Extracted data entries

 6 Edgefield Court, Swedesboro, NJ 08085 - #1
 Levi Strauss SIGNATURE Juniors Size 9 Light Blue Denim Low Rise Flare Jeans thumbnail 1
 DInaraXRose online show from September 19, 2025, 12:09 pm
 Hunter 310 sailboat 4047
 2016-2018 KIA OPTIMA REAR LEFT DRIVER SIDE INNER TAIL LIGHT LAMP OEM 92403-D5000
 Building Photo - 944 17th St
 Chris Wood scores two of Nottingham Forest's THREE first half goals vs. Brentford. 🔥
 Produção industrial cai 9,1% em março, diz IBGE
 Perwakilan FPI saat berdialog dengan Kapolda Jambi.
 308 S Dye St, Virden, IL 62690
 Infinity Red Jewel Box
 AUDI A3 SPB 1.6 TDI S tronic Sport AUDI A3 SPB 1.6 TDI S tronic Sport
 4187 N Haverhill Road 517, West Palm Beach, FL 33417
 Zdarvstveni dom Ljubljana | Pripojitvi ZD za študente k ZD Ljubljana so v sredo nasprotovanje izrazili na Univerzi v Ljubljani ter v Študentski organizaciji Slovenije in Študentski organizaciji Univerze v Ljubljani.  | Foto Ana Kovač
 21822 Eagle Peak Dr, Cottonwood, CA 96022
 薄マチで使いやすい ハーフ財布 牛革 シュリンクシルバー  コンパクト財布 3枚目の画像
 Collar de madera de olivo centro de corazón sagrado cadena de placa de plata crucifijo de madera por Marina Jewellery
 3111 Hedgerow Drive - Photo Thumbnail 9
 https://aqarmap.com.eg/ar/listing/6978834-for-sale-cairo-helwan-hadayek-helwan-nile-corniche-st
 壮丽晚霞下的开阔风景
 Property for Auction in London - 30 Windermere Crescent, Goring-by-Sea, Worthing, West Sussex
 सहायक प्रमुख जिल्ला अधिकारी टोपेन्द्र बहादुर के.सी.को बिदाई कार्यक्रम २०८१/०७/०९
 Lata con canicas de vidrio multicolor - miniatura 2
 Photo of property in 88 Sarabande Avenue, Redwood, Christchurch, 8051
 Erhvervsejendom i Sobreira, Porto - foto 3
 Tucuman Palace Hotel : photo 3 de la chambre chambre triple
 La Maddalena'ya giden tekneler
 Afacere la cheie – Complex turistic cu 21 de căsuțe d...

### [About this task]
Output exactly the line containing "DInaraXRose online show" together with every line after it, ending at the final line of the entries.

### [Exercise result]
 DInaraXRose online show from September 19, 2025, 12:09 pm
 Hunter 310 sailboat 4047
 2016-2018 KIA OPTIMA REAR LEFT DRIVER SIDE INNER TAIL LIGHT LAMP OEM 92403-D5000
 Building Photo - 944 17th St
 Chris Wood scores two of Nottingham Forest's THREE first half goals vs. Brentford. 🔥
 Produção industrial cai 9,1% em março, diz IBGE
 Perwakilan FPI saat berdialog dengan Kapolda Jambi.
 308 S Dye St, Virden, IL 62690
 Infinity Red Jewel Box
 AUDI A3 SPB 1.6 TDI S tronic Sport AUDI A3 SPB 1.6 TDI S tronic Sport
 4187 N Haverhill Road 517, West Palm Beach, FL 33417
 Zdarvstveni dom Ljubljana | Pripojitvi ZD za študente k ZD Ljubljana so v sredo nasprotovanje izrazili na Univerzi v Ljubljani ter v Študentski organizaciji Slovenije in Študentski organizaciji Univerze v Ljubljani.  | Foto Ana Kovač
 21822 Eagle Peak Dr, Cottonwood, CA 96022
 薄マチで使いやすい ハーフ財布 牛革 シュリンクシルバー  コンパクト財布 3枚目の画像
 Collar de madera de olivo centro de corazón sagrado cadena de placa de plata crucifijo de madera por Marina Jewellery
 3111 Hedgerow Drive - Photo Thumbnail 9
 https://aqarmap.com.eg/ar/listing/6978834-for-sale-cairo-helwan-hadayek-helwan-nile-corniche-st
 壮丽晚霞下的开阔风景
 Property for Auction in London - 30 Windermere Crescent, Goring-by-Sea, Worthing, West Sussex
 सहायक प्रमुख जिल्ला अधिकारी टोपेन्द्र बहादुर के.सी.को बिदाई कार्यक्रम २०८१/०७/०९
 Lata con canicas de vidrio multicolor - miniatura 2
 Photo of property in 88 Sarabande Avenue, Redwood, Christchurch, 8051
 Erhvervsejendom i Sobreira, Porto - foto 3
 Tucuman Palace Hotel : photo 3 de la chambre chambre triple
 La Maddalena'ya giden tekneler
 Afacere la cheie – Complex turistic cu 21 de căsuțe d...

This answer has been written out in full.